— Exercise —
Starting at the line holding "무역영어 시험 준비로" and finishing at the line holding "group of ...", transcribe the material exactly, keeping both ends but no pictures.

— Information provided —
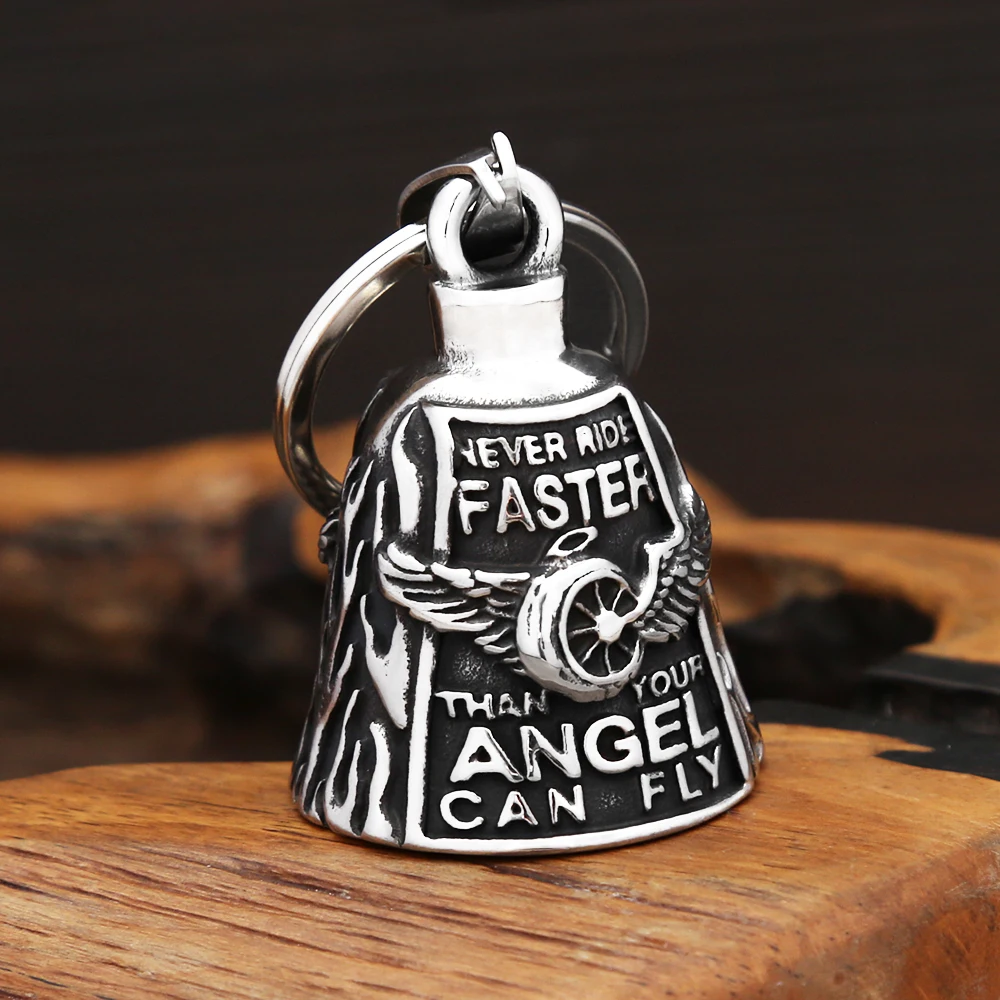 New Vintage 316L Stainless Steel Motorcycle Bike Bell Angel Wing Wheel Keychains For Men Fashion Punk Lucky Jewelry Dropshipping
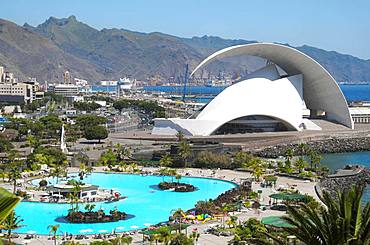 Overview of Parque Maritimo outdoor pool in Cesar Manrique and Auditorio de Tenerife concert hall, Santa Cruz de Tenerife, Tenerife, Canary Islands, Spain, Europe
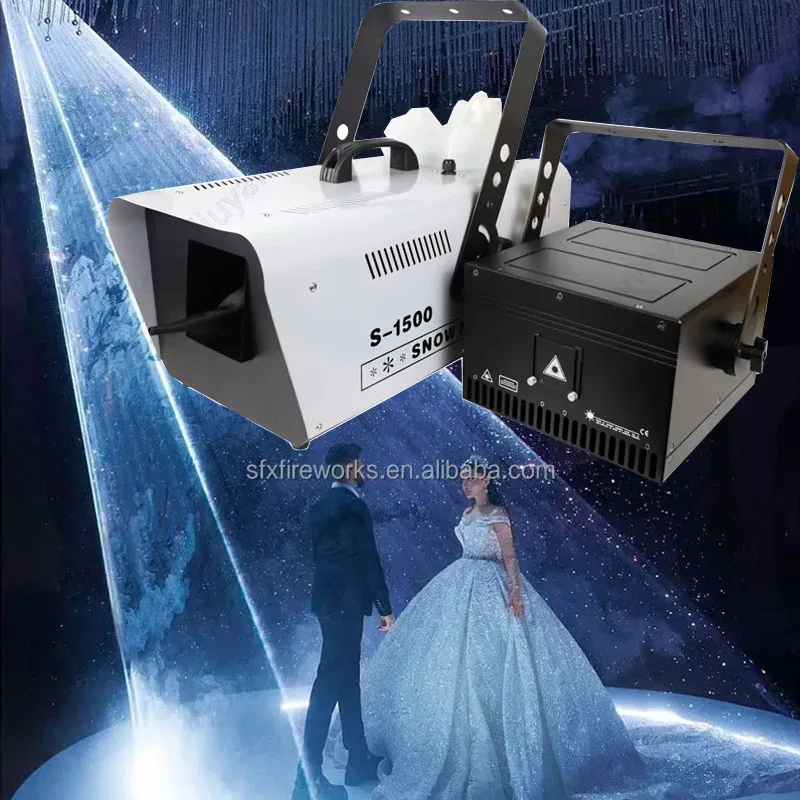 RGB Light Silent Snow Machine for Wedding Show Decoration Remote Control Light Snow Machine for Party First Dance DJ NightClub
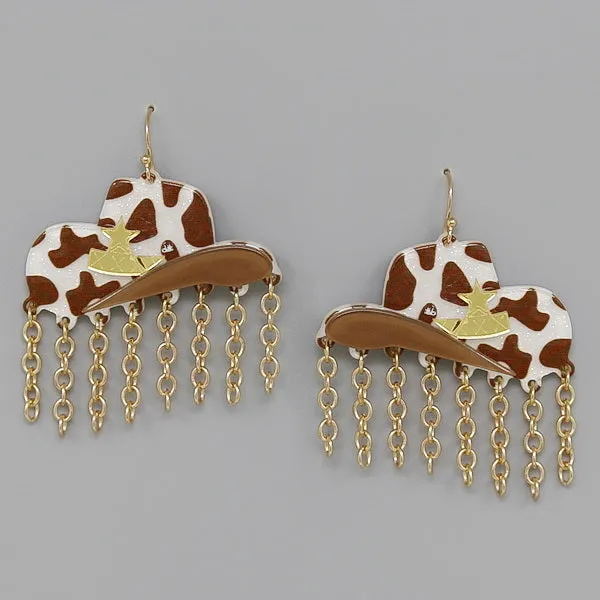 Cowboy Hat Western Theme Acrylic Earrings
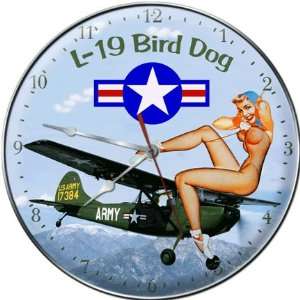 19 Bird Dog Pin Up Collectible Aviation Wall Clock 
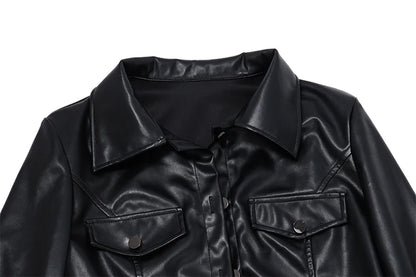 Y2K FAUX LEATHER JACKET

==

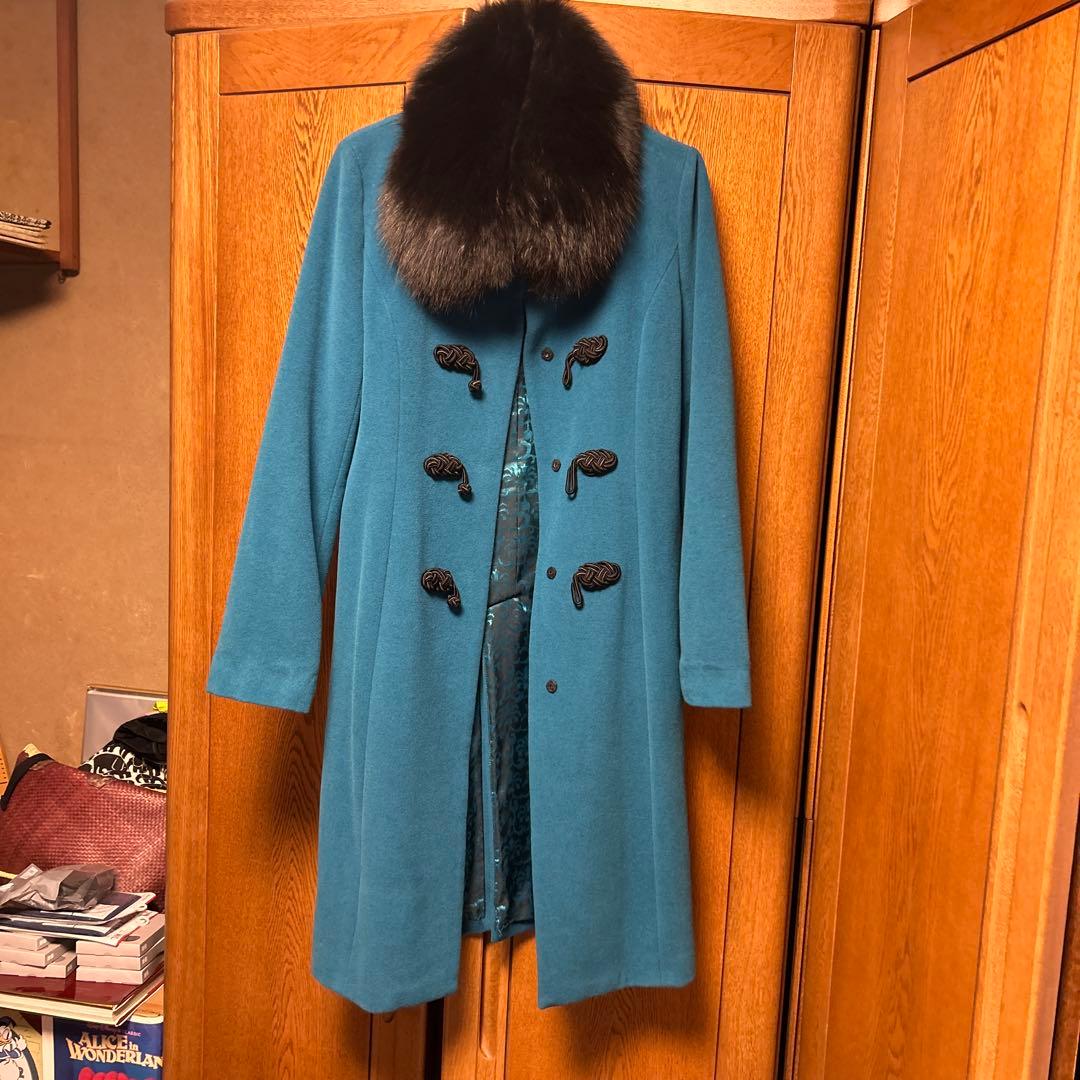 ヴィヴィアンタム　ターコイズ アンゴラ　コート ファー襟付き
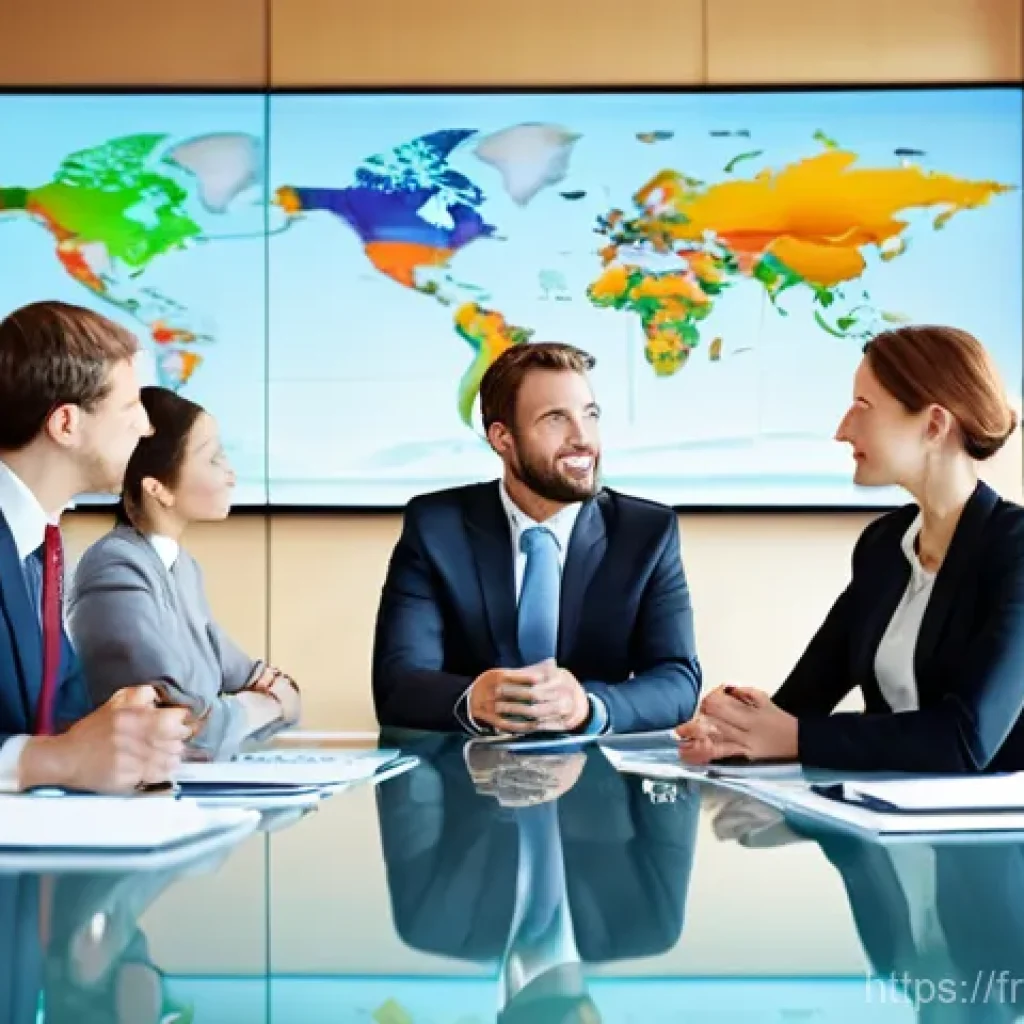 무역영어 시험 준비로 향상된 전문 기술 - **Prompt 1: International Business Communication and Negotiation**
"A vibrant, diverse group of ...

---

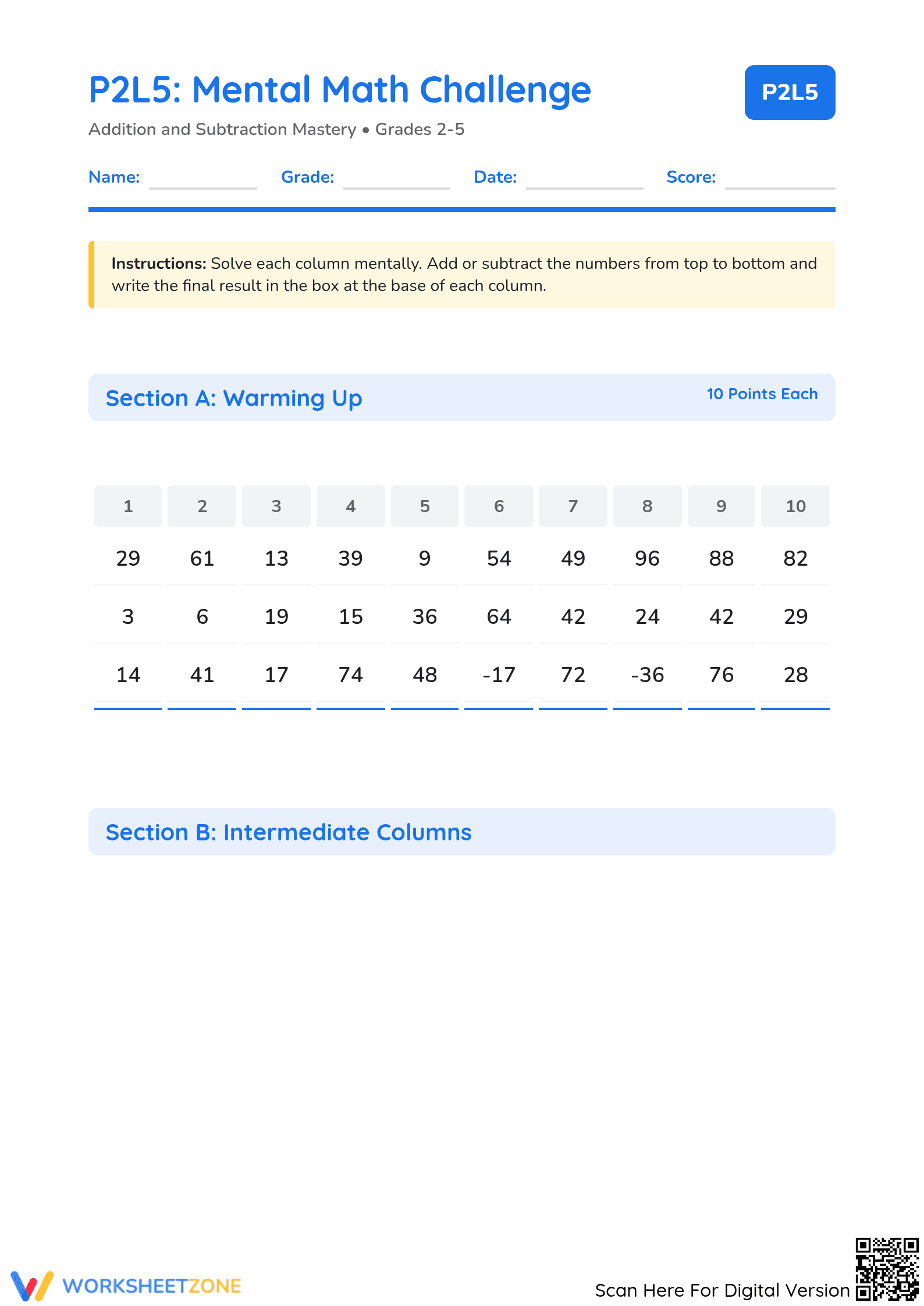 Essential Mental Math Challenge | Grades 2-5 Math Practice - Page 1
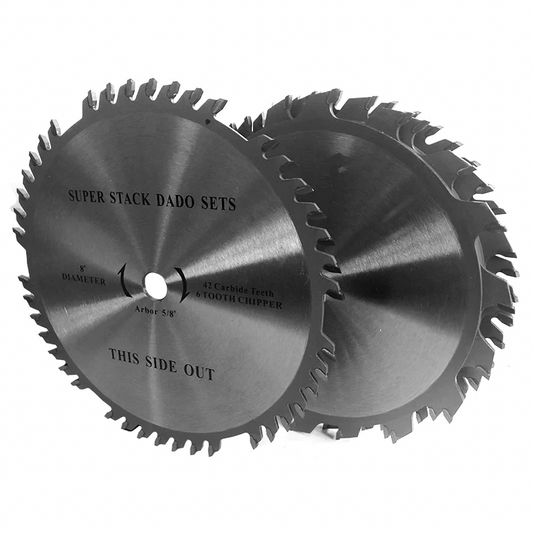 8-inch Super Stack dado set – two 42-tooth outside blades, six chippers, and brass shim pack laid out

— Solved problem —
 무역영어 시험 준비로 향상된 전문 기술 - **Prompt 1: International Business Communication and Negotiation**
"A vibrant, diverse group of ...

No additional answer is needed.